H. Schmid, über das Türkischrothöl.
Trotz der ausführlichen Abhandlungen von Liechti und Suida einerseits (vgl. 1883 250 543 sowie S. 302 d. Bd.) bezieh. von A.
Müller-Jacobs (vgl. 1884 251 499. 254 302) andererseits und trotz der längeren
Auseinandersetzungen ist die Frage der Constitution und Wirkungsweise des
Türkischrothöles noch zu keiner endgültigen Klärung gelangt. Ein paar Bemerkungen
zum Zwecke kritischer Sichtung und Berichtigung einiger der hauptsächlichsten bis
jetzt gewonnenen Ergebnisse möchten insofern am Platze sein., als dieselben zur
rascheren Zurechtfindung in diesem Kapitel etwas beitragen könnten.
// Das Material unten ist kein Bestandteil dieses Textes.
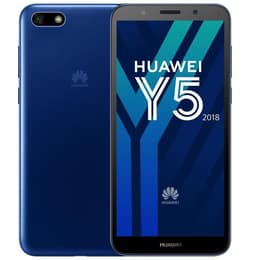 Huawei Y5 Prime (2018) 16GB - Blå - Olåst - Dual-SIM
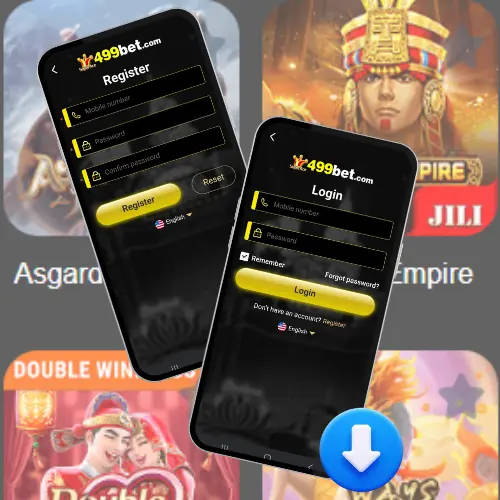 499 bet login or Register 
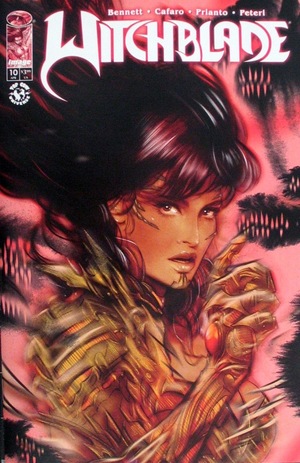 [Witchblade (series 3) #10 (Cover B - Tula Lotay)]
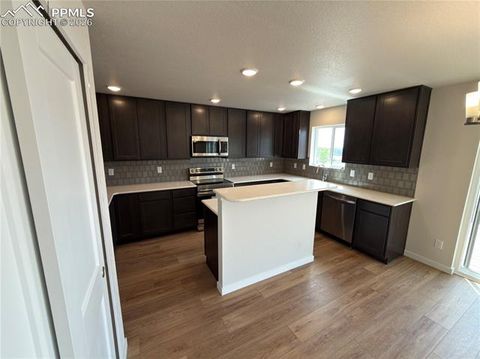 Tiny photo for 741 Little Bear Grove, Colorado Springs, CO 80907 (MLS # 6624379)
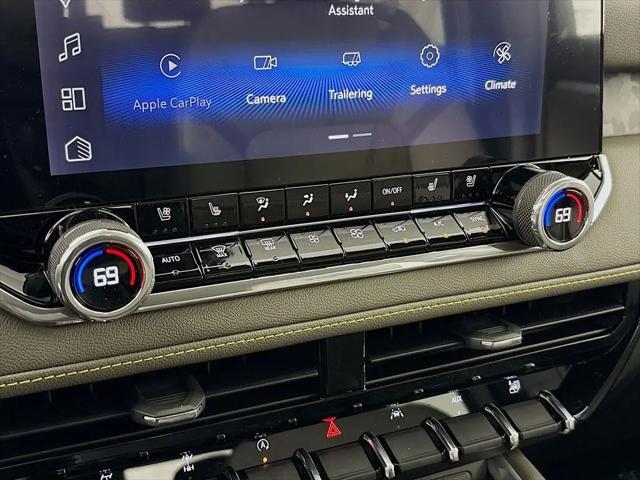 2026 Chevrolet Colorado ZR2, 4WD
Liechti und Suida haben in
ihrer ersten Abhandlung (1883 250 543) die Umwandlung des
Olivenöles auf die Bildung eines wasserlöslichen Monooxyoleïnsäure-Glycerin-Schwefelsäure-Esters zurückgeführt, welcher
gleichzeitig gebildeter freier Oxyoleïnsäure als Lösungsmittel dienen würde. Die
Rolle der Schwefelsäure bestände hiernach, auſser in der verseifenden, hauptsächlich
in einer oxydirenden Einwirkung. Eine hervorragende Thatsache, welche dazumal den
genannten Forschern entgangen war und von Müller-Jacobs festgestellt
worden, ist die Entstehung von Oxystearin-Säure C18H36O3. Liechti und Suida gaben in ihrer neuesten Abhandlung (Mittheilungen des Technologischen Gewerbemuseums
u.s.w., 1884 S. 64) zu, daſs durch Spaltung ihres Esters neben Oxyoleïnsäure der
Hauptmenge nach Oxystearinsäure auftritt. Nun unterscheidet sich aber die letztere
von der gewöhnlichen Oelsäure durch einen bloſsen Mehrgehalt der Elemente des
Wassers: C18H34O2 + H2O = C18H36O3 und stellt sich in Folge dessen die Einwirkung der
Schwefelsäure auf Oel in einem anderen Lichte dar, als ursprünglich von Liechti und Suida
angegeben. Der oxydirende Einfluſs der Schwefelsäure bezieh. die Entwickelung von
Schwefligsäure wird eben nur davon abhängen, wie viel Oxyölsäure sich neben
Oxystearinsäure bildet; denn letztere entsteht ja aus Oleïnsäure durch bloſse
Anlagerung der Elemente des Wassers. Es ist sicherlich richtig, daſs man bei der
industriellen Darstellung des Türkischrothöles die Bildung von Schwefeldioxyd zu
vermeiden sucht und daſs jedenfalls letzteres nur in geringen Mengen austritt. Der
Vorgang, wie derselbe von Liechti und Suida in ihrer ersten Abhandlung ausgelegt worden ist,
würde zur Entwickelung von „Strömen“ schwefliger
Säure führen. Hiervon ist heute nicht mehr die Rede, wenn auch andererseits eine
theilweise Desoxydation der Schwefelsäure nicht ausgeschlossen ist und sich, wie wir
unten sehen werden, zwanglos gerade aus einigen von Müller-Jacobs selbst aufgestellten Thatsachen ableiten läſst. Vorderhand
müssen wir annehmen, daſs obige Berichtigung – d.h. Beschränkung der Rolle der
Schwefelsäure als oxydirendes Mittel, oder selbst ganze Unterdrückung derselben –
die Ester-Theorie Liechti's und Suida's als solche nicht zu stürzen vermag und wäre es ja immerhin
denkbar, daſs sich bei Einwirkung von Schwefelsäure auf Oel Oxystearinsäure-Glycerin-Schwefelsäure-Ester, begleitet oder nicht von Monoxyoleïnsäure-Glycerin-Schwefelsäure-Ester bildet.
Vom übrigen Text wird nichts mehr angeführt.